すると、アマハはマキメを指さして言った。
「おい、ちょっと待てよ。こいつ鬼なんだろ?
なんでひとりでこんなとこに暮らしてて、しかもすんなり協力してくれるわけ?
人見つけたら殺すのが鬼なんじゃないのか?」
「そうか、坊やぐらいの子たちにはそう教育されちゃってるよね……うんうん」
マキメは自分の角に触れながら言った。
ヒトと鬼とが隔てられてから育った世代。
無理もない。

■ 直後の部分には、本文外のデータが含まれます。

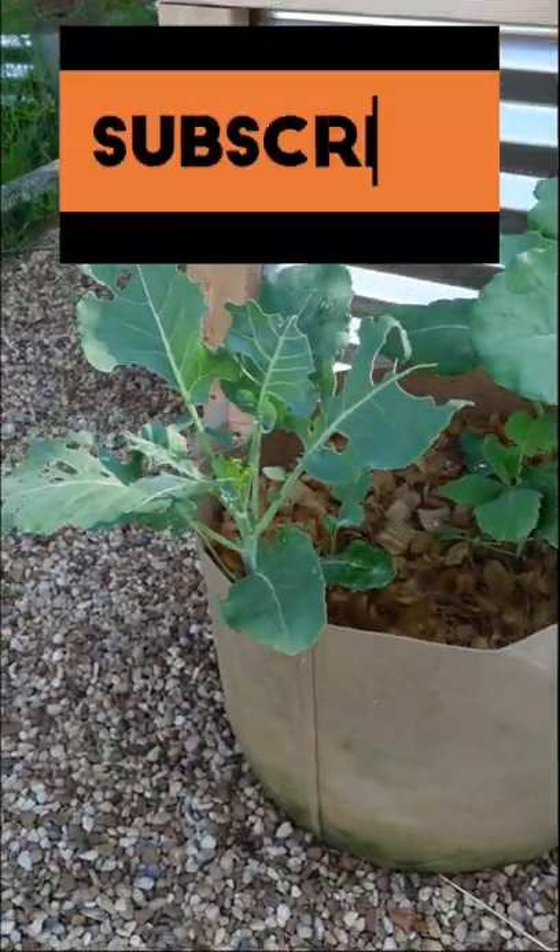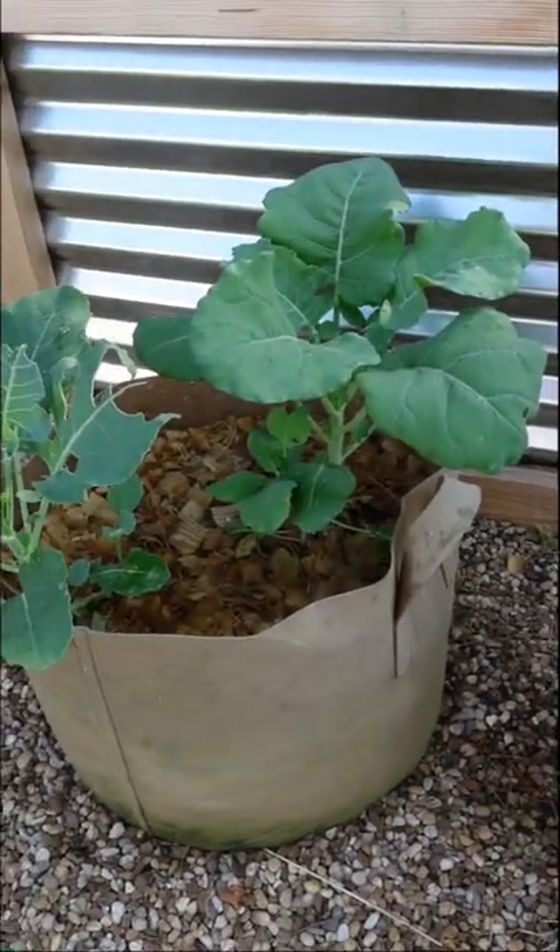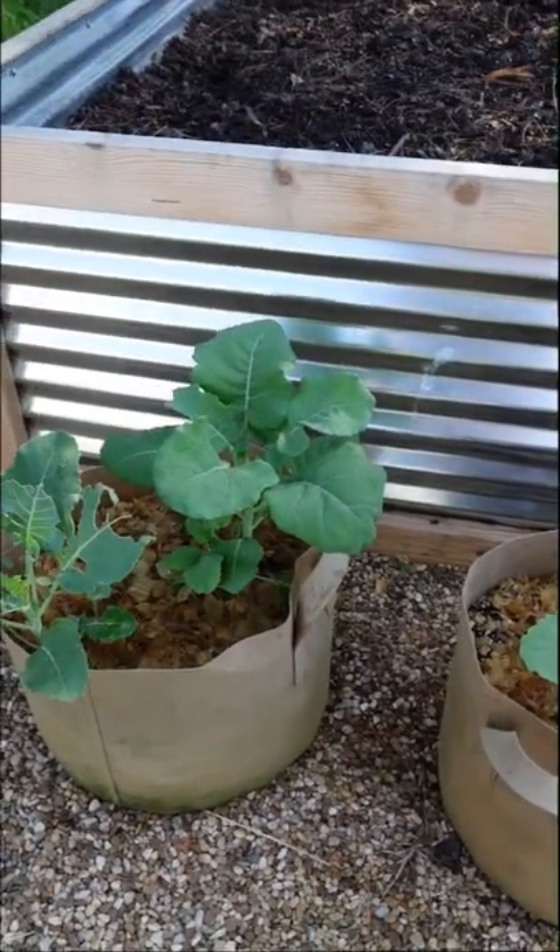This one here is looking okay, but it looks like I'm getting a little pest damage, so I'll keep an eye on that. Thanks for coming along everybody. Have a great day.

鬼と悪とが結びつくよう言い伝えてきたのは、“そのとき”を生きたヒトなのだから。
マキメは眼鏡の位置を整えながら続けた。
「僕は鬼だとかヒトだとかいうのにさして興味がない。
ただ最強の兵器を作ろうとしたのがヒトで、その材料が鬼だった……それだけ。
結局、誰もいなくなってしまったけどね」
マキメはアマハの頭をぽん、と撫でた。
「鬼が人間を殺したことも、事実だもの」
アマハはマキメの手を振り払って俯く。
「あんたはそんなんでいいのかよ」
「言ったでしょう?鬼だとかヒトだとかいうのに、興味ないって」
マキメ
蔑称“楽園”で暮らしている研究者の鬼。
人と鬼の闘争を中立の立場で見守っている。
アカガネ
エンキの腕に寄生する武鬼。
蔑称“楽園”
エンキの故郷。
現在はマキメがひとりで暮らしている。